Just one phone call yesterday managed to put me into a bit of a tizzy. It's not horrible news, but it was news that bothered me nonetheless. Partly because I feel responsible and partly because I am not there to do anything about it.
It's been pretty much decided that Jetta is developing cadderacks. She will be eleven this December, so I know that aging is bound to happen, but I guess I never thought that the dog whose eyes worked as mine for six years would be what signified her growing older. Mom says she still gets around fine and sometimes just needs someone to turn on the light so that she can hop on the bed. Sometimes if she goes out to "park" she will wait for someone to come out with her and then she'll head down the stairs to do her business. At camp a few weekends ago she did fine, touring around on her own, but still it worries me. She still can hear and her hips and elbows seem healthy, which is a blessing, but no matter how you prepare yourself, you are never ready to know that your dog's getting older.

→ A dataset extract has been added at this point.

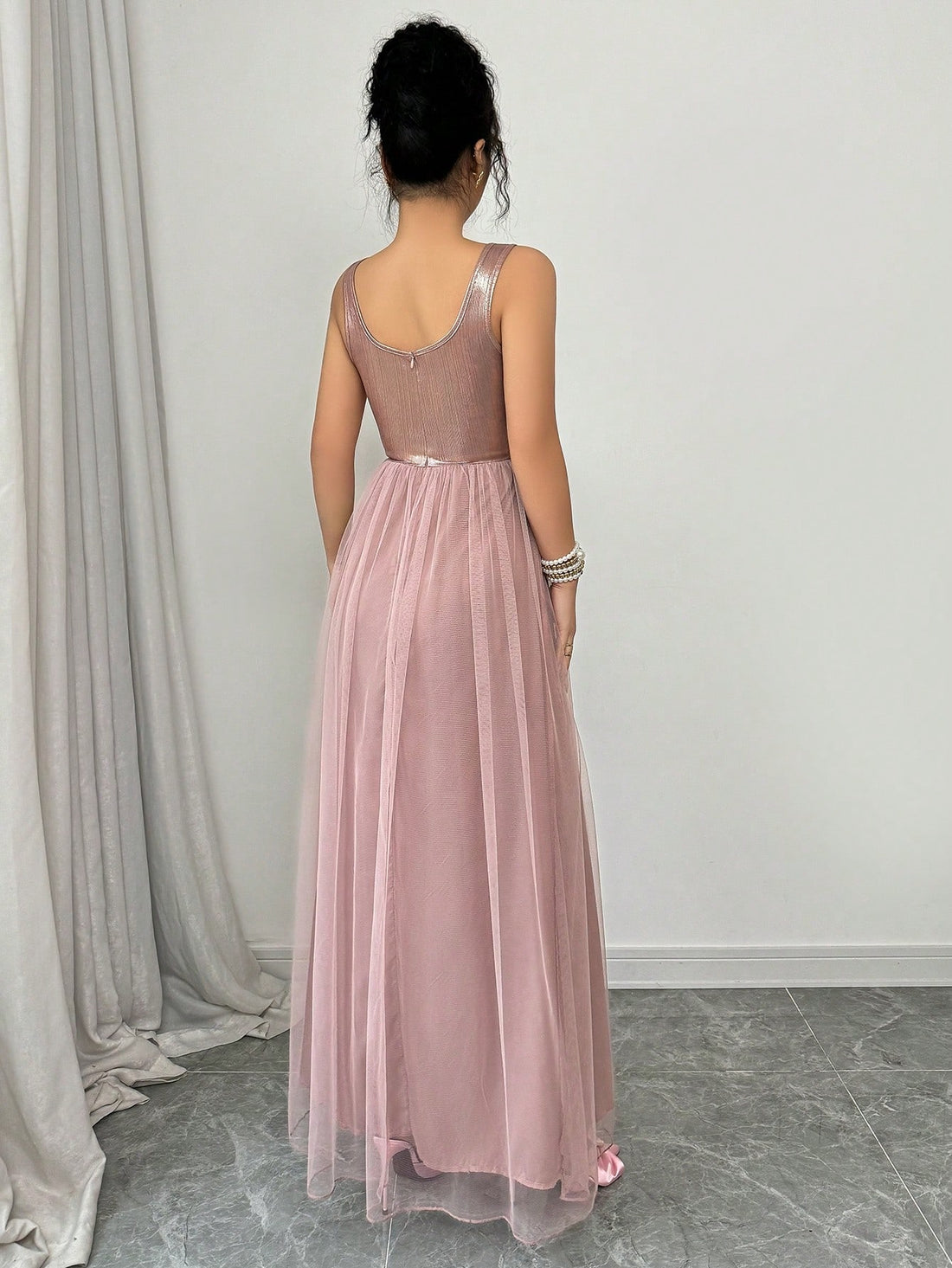 Turn heads effortlessly in this Elegant V-Neck Sleeveless Mesh Dress. Its airy mesh fabric keeps you cool while the flattering V-neck adds a hint of allure. Perfect for everything from garden parties to evening outings, this dress blends comfort with style so you can dance, mingle, and shine all night long.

When Jetta retired in August of 2008, she was only seven and a half. I have seen her quite often since then and it just didn't seem like she would ever slow down. For me, it's hard to realise that she is growing older just because she did retire so young. I haven't lived with her for three years and so haven't seen her age progress.
I know there are a lot of dogs out there who are blind. In fact, some are born that way or go blind quite young, just like humans do. They can adapt and she will too. It's not the low vision itself, it is its implication.
The next thing that got me all worked up was finding out that my uncle and his girlfriend cannot take Aria. I had held off from announcing her second re-homing until now because I wanted to make sure things were set in stone before telling everyone. Turns out I jumped the gun. I completely understand their reasons why and can appreciate that they at least decided this before having her for a few months and then moving her again. I am just frustrated because I can't be there to help find her a home. Actually, if I was there, she wouldn't need a new home. If getting her into the UK wasn't so expensive and nearly impossible, I would just bring her over. The stress from the flight underneath a plane might be just too much for her though. I miss her so much and I feel responsible for her having to go through this.
Mom said that they will still pick her up from Mr. K's Mom's house and that Aria will stay with her until they can find her a good home. Mom really wanted to keep her because she is such a sweet little dog, but they already have Jetta, Flash, Sisu and Loki. Even though Aria only weighs about eight pounds, an extra dog may be too much for them. I do feel better knowing that Mom is willing to look after her until a suitable home can be found.
Both of these situations could e way worse and so I take comfort in knowing that both girls are looked after, but I wish there was something I could do.